Extracted records:
####
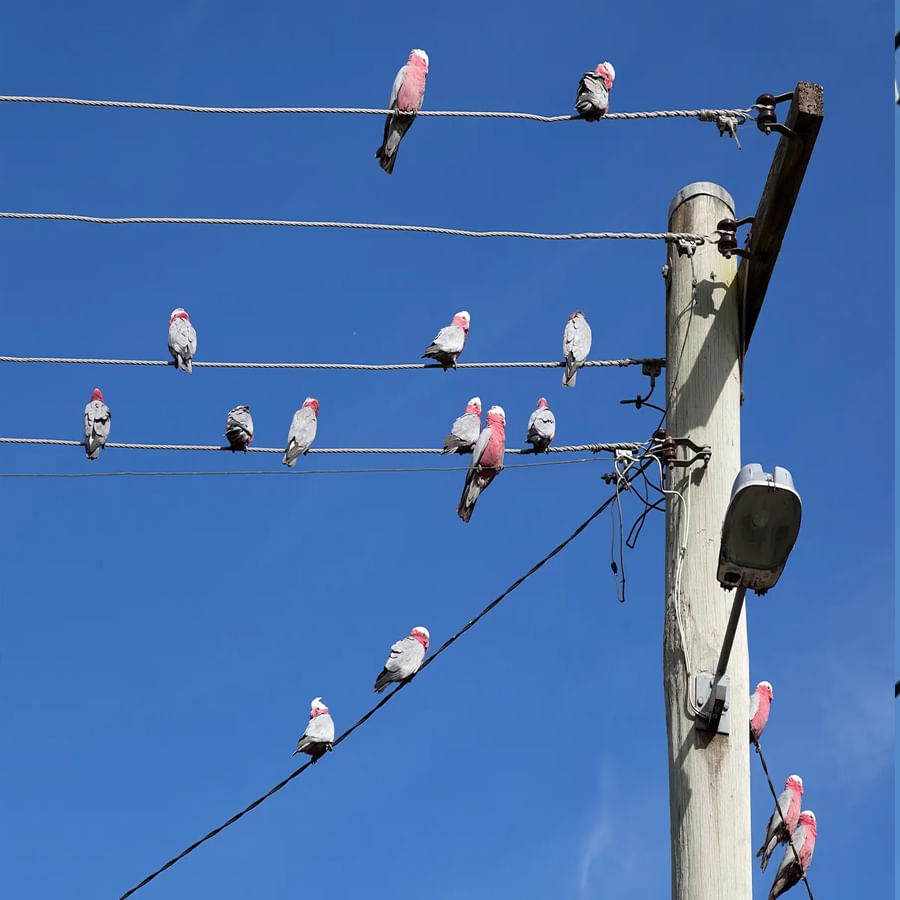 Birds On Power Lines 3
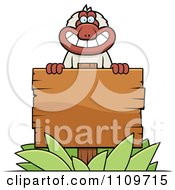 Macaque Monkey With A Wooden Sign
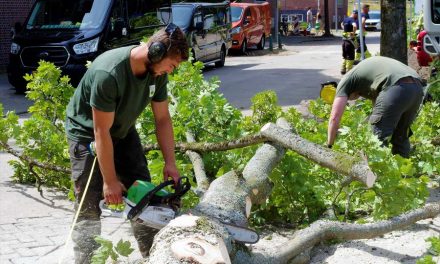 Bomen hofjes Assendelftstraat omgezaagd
####
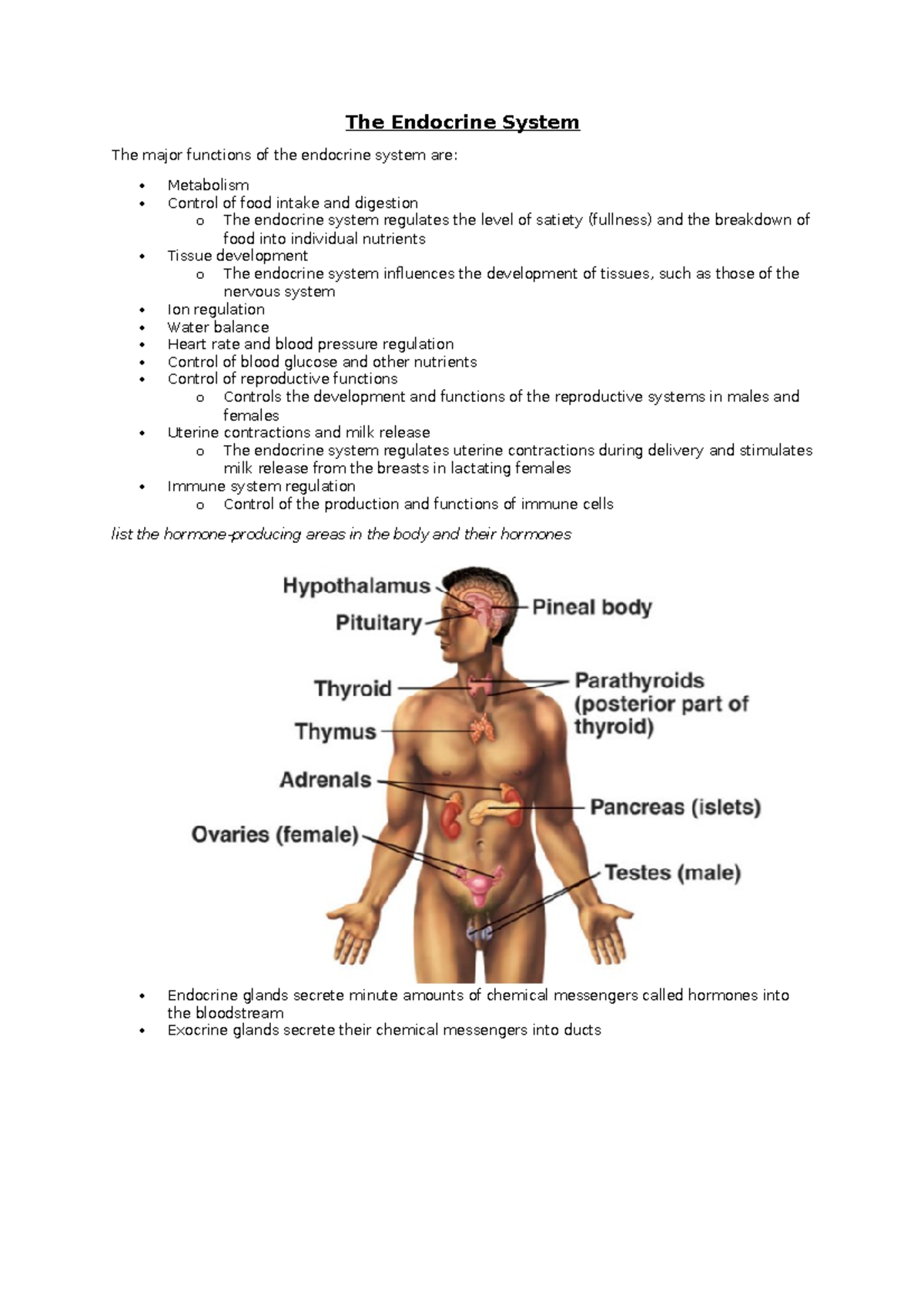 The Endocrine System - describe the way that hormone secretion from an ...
####
What is required: Once the line with "Macaque Monkey With A Wooden Sign" is found above, print it and every line after it through the line with "Bomen hofjes Assendelftstraat omgezaagd", exactly. Pictures stay out.

Output for this exercise:
 Macaque Monkey With A Wooden Sign
 Bomen hofjes Assendelftstraat omgezaagd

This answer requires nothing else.